Novamente, o artista dava oportunidade para confraternizar, vibrar e celebrar a beleza da multiplicidade humana.
Cuidadosamente, a produção da mega-apresentação fez com que o músico de Liverpool acenasse às várias formas de ser gente, tornando o show um momento de acolhimento inesquecível até na hora da despedida: “Agora temos que vazar”, disse ele, tão contemporâneo como qualquer jovenzinho que ali estivesse para requebrar com “A Hard Day’s Night”.
Impossível ir embora, porém, sem que uma sensação de que “somos um só” em nossas tão divergentes vozes fosse marcada para sempre.

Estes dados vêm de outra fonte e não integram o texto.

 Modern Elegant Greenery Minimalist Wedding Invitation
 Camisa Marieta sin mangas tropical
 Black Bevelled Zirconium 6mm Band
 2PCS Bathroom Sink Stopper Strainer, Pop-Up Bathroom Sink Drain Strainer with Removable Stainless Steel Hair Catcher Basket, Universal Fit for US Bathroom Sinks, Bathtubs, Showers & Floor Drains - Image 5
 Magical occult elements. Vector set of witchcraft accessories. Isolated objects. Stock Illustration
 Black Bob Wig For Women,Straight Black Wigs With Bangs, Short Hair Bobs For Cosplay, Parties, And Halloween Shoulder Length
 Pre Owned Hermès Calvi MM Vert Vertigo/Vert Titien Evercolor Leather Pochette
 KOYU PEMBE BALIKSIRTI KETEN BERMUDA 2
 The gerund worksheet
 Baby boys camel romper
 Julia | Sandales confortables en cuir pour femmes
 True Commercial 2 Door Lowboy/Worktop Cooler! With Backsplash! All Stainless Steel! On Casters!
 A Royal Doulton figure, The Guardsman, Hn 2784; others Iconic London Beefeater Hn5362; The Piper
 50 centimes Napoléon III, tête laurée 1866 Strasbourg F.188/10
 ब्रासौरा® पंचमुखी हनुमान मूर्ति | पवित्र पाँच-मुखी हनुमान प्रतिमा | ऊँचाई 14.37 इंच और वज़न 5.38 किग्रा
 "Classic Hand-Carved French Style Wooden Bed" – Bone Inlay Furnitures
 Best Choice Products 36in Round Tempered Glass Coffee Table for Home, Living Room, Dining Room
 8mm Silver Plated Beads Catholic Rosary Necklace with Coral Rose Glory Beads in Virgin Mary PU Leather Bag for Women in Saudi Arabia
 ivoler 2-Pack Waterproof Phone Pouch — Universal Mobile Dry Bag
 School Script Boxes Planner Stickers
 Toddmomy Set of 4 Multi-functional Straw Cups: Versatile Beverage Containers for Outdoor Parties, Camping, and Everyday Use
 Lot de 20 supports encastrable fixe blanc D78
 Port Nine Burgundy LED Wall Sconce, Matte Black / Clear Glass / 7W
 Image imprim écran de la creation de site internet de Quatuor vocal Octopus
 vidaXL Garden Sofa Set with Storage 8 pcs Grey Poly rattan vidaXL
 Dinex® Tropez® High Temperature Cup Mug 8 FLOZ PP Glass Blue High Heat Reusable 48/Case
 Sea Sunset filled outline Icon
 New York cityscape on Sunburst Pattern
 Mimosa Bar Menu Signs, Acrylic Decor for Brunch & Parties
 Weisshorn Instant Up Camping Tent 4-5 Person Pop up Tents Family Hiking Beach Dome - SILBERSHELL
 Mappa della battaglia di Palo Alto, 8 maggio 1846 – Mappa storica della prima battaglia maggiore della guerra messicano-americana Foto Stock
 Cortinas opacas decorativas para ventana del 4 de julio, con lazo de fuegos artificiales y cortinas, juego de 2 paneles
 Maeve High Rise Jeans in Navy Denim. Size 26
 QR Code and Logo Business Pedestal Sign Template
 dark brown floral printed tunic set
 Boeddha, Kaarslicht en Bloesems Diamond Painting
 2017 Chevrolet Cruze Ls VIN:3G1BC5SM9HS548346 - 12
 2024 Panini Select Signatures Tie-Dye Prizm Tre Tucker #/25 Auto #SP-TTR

Velhos e descolados, cabeludos e nerds, bonitos e feios, quebrados e convencionais, gays e héteros entoaram um “nana na, nana na” como se fosse um grito de apelo ao planeta de quem quer mais harmonia, de quem quer pegar as tristes canções e fazê-las melhores. Hey Jude!
Minha melhor amiga, que foi ao show com a mãe, de 70 anos, “me prometeu” que Paul volta, talvez, aos 80, e ainda terá a energia de fazer balançar a alma em torno de reflexões sobre algo bem maior que o iê-iê-iê. Que realmente ele volte e, mais uma vez, reforce que “tudo bem” ser aquilo que se é.